Il sentit un souffle prolongé non loin de sa jugulaire, ce genre de chuchotement qui glace le sang et l’échine. Probablement les turbulences d’un vent du nord qui se bousculait dans les entrailles des ruines de Taulmaril. Si la logique et son esprit habituellement cartésien lui dictait de ne pas laisser ses instincts outrepasser sa raison, ses sens et ses muscles se figèrent dans un mouvement naturel. Il n’avait que trop le souvenir de ce bruissement qui coure le long de la nuque, qu’il vienne des Hommes ou d’une force supérieure. Le Sindarin se leva d’un bon pour se retourner en dégainant sa lame imbue d’un feu protecteur qui avait vocation à illuminer les alentours. La poigne ferme sur sa garde, son insouciance venait de s’envoler pour laisser la place à une grande méfiance, son regard allait et venait partout où la lumière de son épée le lui permettait et même un peu plus loin. Son esprit lui jouait probablement des tours, mais les récits des aventuriers de Taulmaril et le passif de la cité, tendait tous ses muscles de nervosité.  Il leur faudrait vaquer à leur tâche rapidement, mais hors de question de s’aventurer dans ce dédale mortifère de nuit. Va savoir quelle créature et autre mystification pourraient les attendre.

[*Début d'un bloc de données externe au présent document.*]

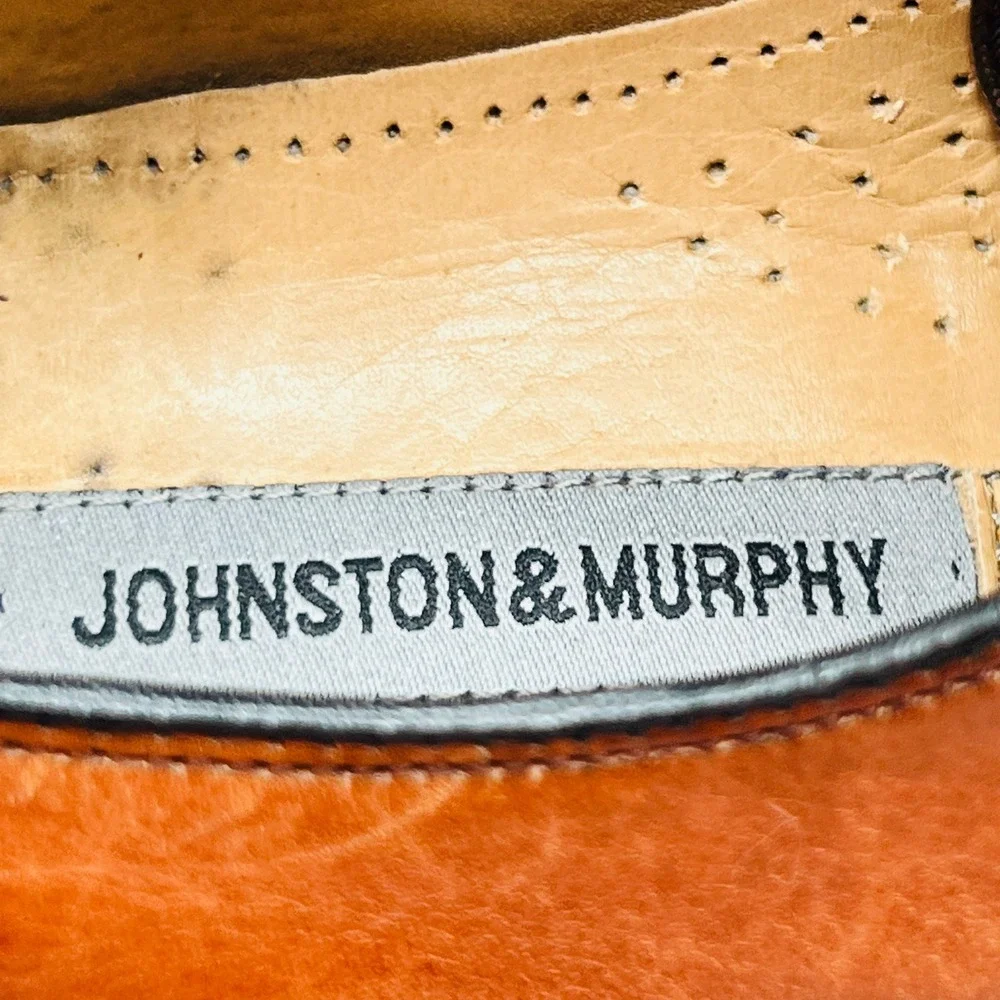 Johnston & Murphy Shoes Mens 10 Brown Leather Cap Toe Lace Up Dress Classic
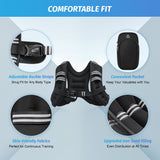 ZELUS Weighted Vest, 6lb - Weight Vest with Reflective Stripe for Workout, Strength Training, Running, Fitness, Muscle Building, Weight Loss, Weightlifting, Black(6 lb)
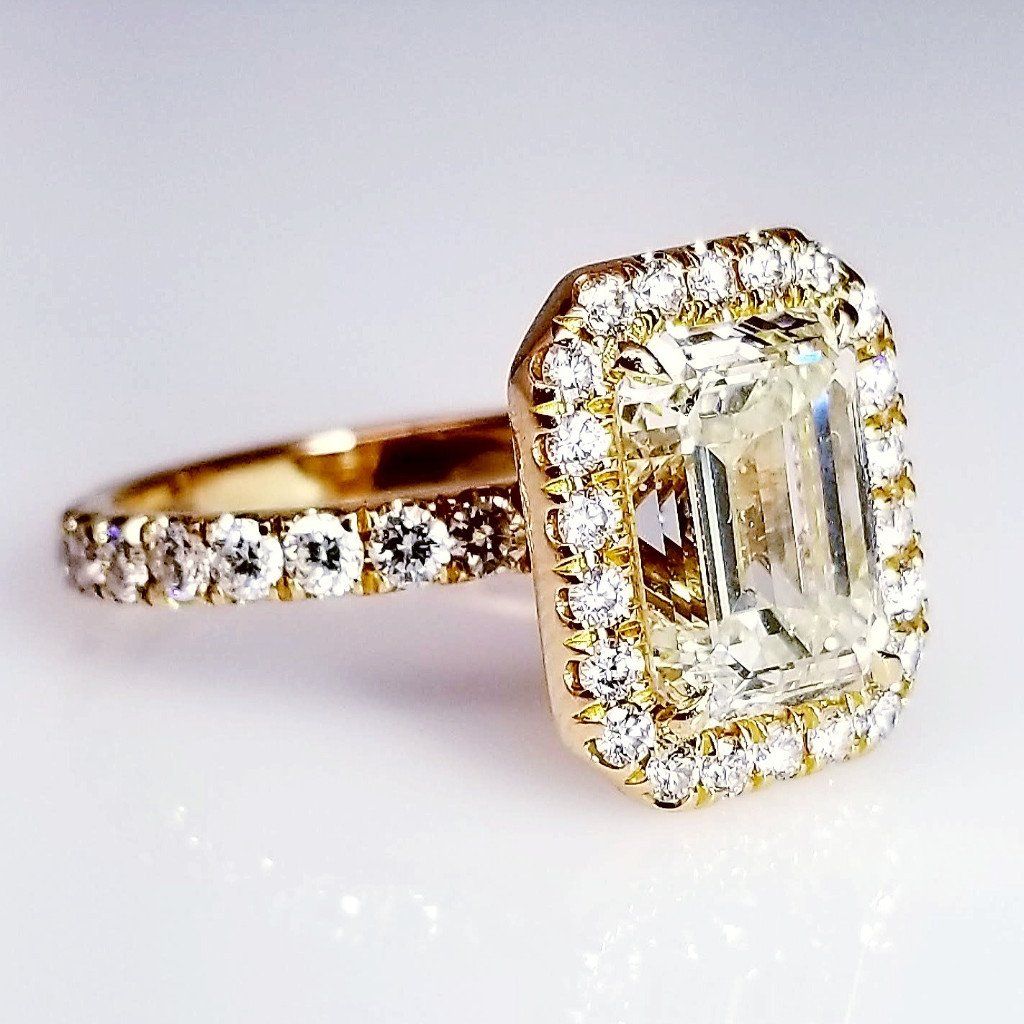 "ENGR03188" Emerald Cut Diamond Halo Rose Gold Engagement Ring
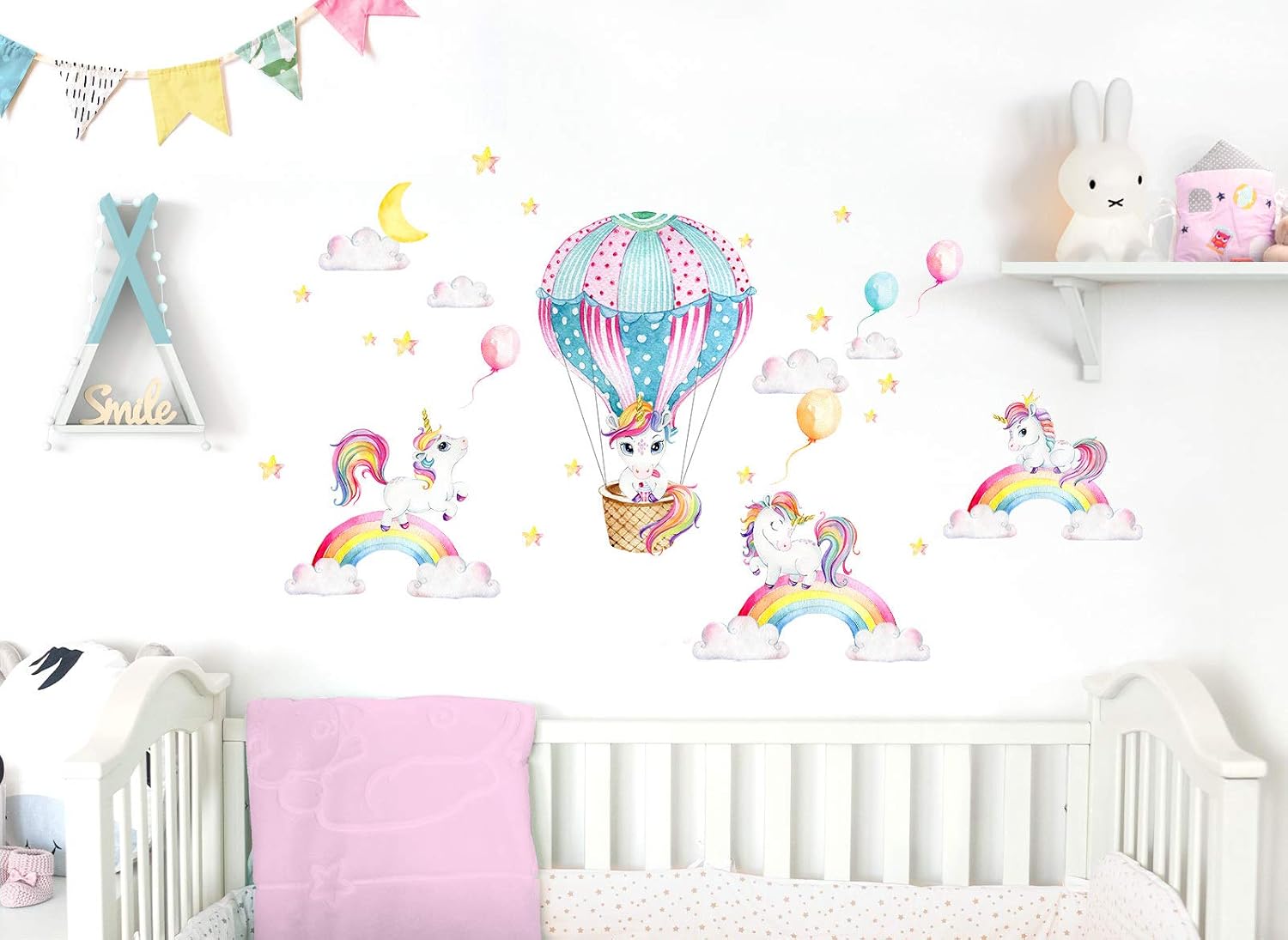 Little Deco DL539-04 Wall Sticker Unicorns Rainbow & Hot Air Balloon I Wall Picture 99 x 58 cm (W x H) I Sticker Moon and Stars Children's Room Sticker Girls Room Baby - Image 3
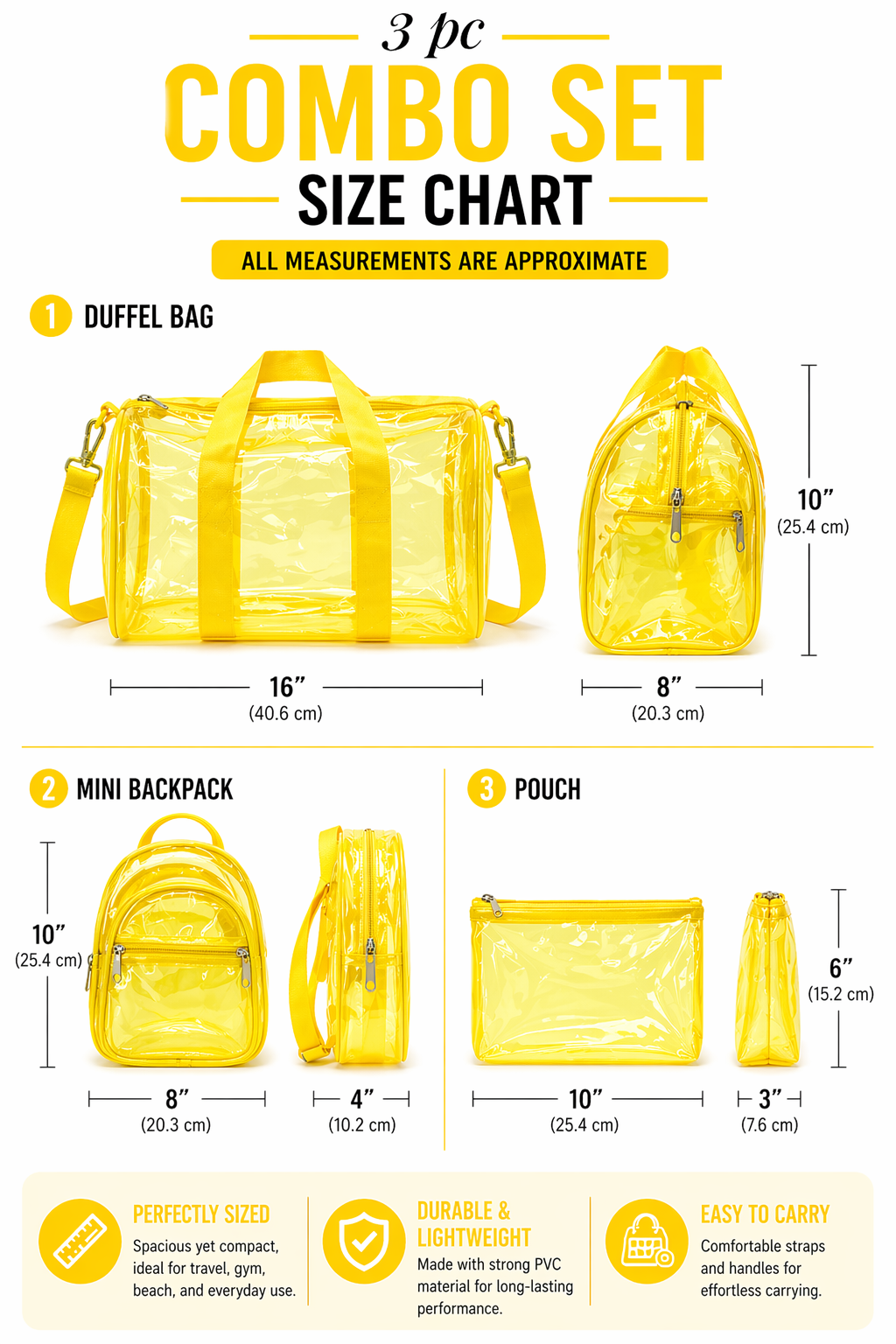 Echo Boomers Premium Orange PVC Transparent Bag Combo Set (3 pcs) – Duffel Bag, Mini Backpack & Pouch | Waterproof Travel, Gym & Toiletry Organizer for Men & Women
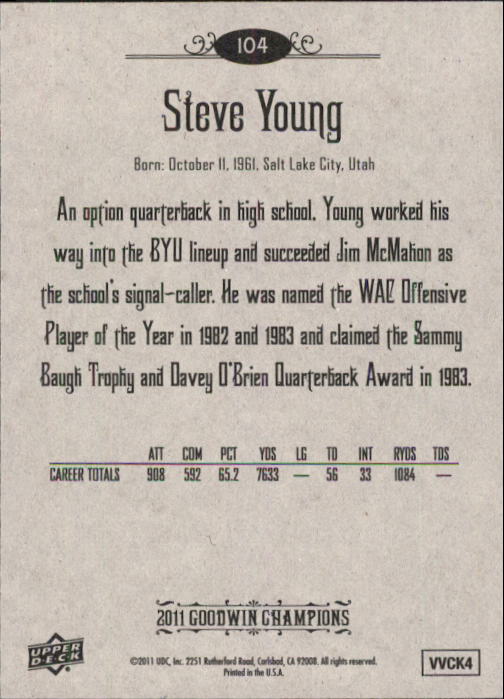 2011 Upper Deck Goodwin Champions #104 Steve Young back image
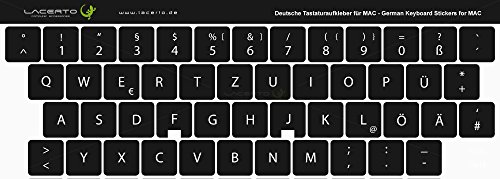 Preisvergleich Produktbild Lacerto® / 15x15mm Deutsche Tastaturaufkleber für MacBook, mit mattem Schutzlaminat / Farbe: Schwarz
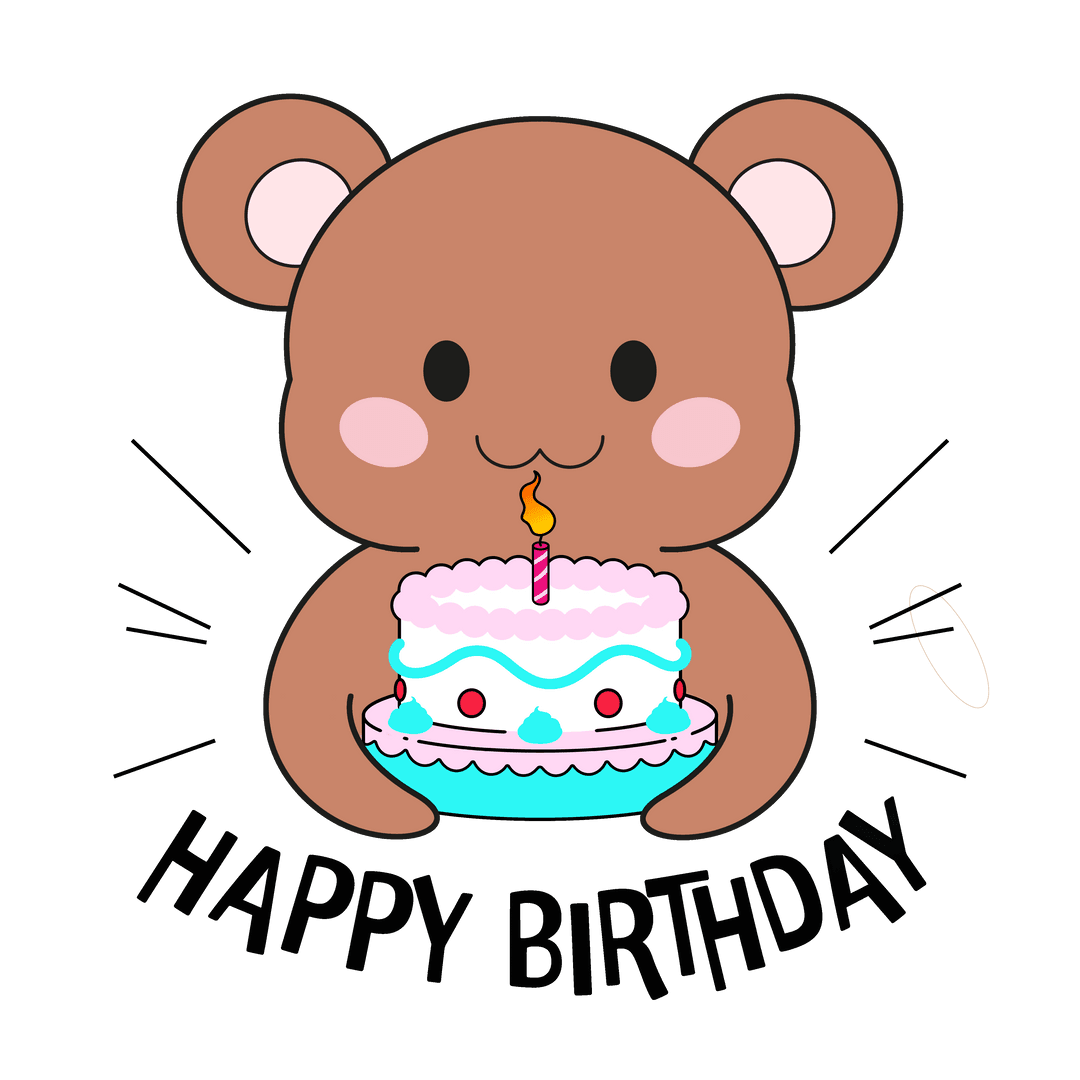 Flat Design Bear with Cake on Happy Birthday Transparent Background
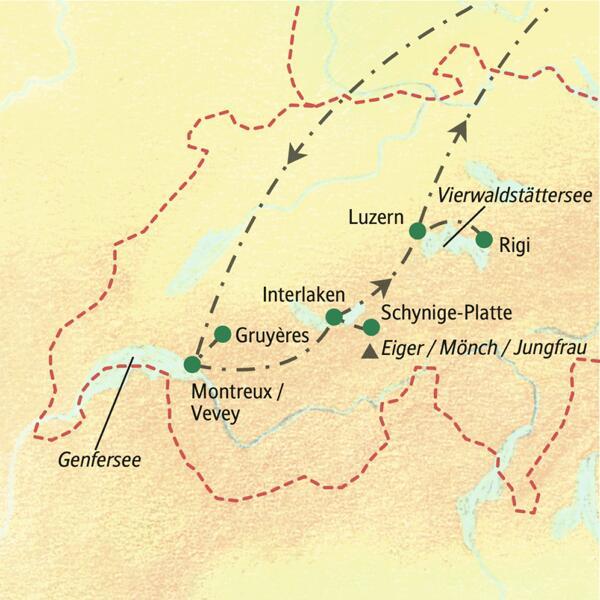 Übersichtskarte unserer 8-tägigen Studienreise in der Schweiz von Montreux über Gruyères, Interlaken und Luzern auf die Rigi.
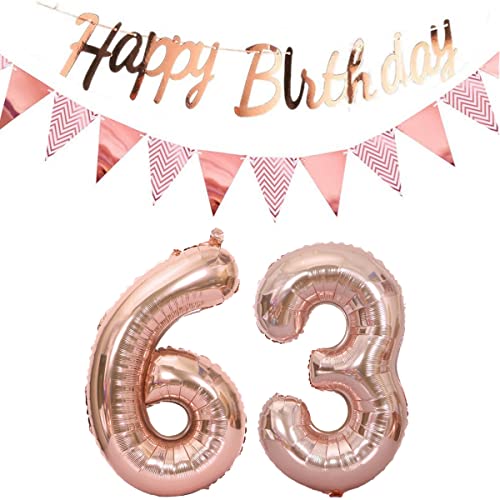 Luftballons 63.geburtstag deko frauen rosegold+Happy Birthday Girlande +Wimpelkette 40"Zahlen Ballon 63 Luftballons 63 Jahre Geburtstag Dekoration frau Geburtstagdeko 63 Geburtstag deko rosegold(63) von Hopewey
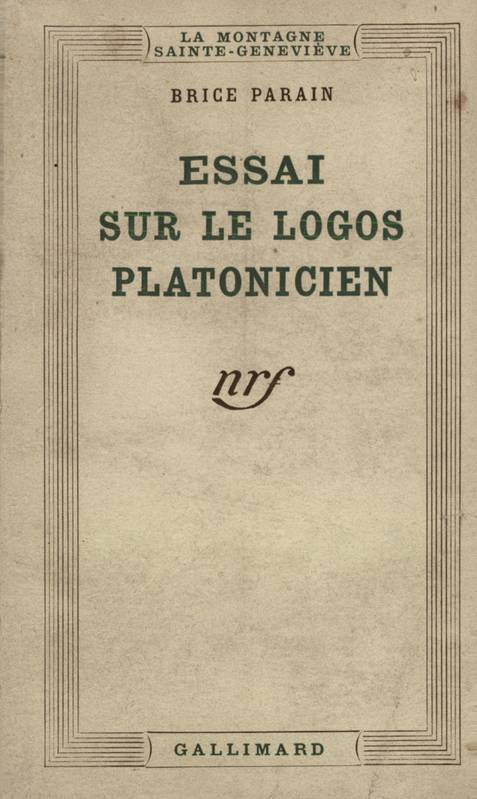 Couverture Essai sur le logo platonicien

D’autant plus que ses recherches laissaient fortement sous-entendre qu’il faudrait un moment ou un autre s’enfoncer dans les terres, « la surface n’étant que la ruine d’un temps passé, foulé par les esprits d’un affrontement désolant ». Gareth rembrunit sa méfiance en baissant sa garde, son arme retrouvait son fourreau, mais sa main ne quittait pas sa garde, pas pour l’instant. Il s’assit à nouveau en jurant intérieurement. Il ne laisserait plus le destin, ni même sa naïveté, ni même encore une croyance futile se jouer de son libre arbitre. S’il y avait un Homme, une entité, ou tout autre chose dans ces ruines qu’il passe son chemin … Et même s’il ne s’agissait que d’un Terran un peu trop aventureux, un peu trop avide des possessions de nos deux aventuriers, qu’il se garde de pointer le bout de son fondement, ou la seule chose qu’il verrait serait le plat de sa lame.

De nouveau assis sur une roche, ses coudes prenant appuis sur ses genoux et son menton sur ses mains liées, il adoucit son humeur et son expression. Le temps des ennuis viendrait plus vite qu’il n’osait l’imaginer. Il tourna la tête vers Calixte. Il ne savait pas si l’anxiété qui l’animait quelques secondes plus tôt était partagée, aussi il reprit la discussion sans plus de formules.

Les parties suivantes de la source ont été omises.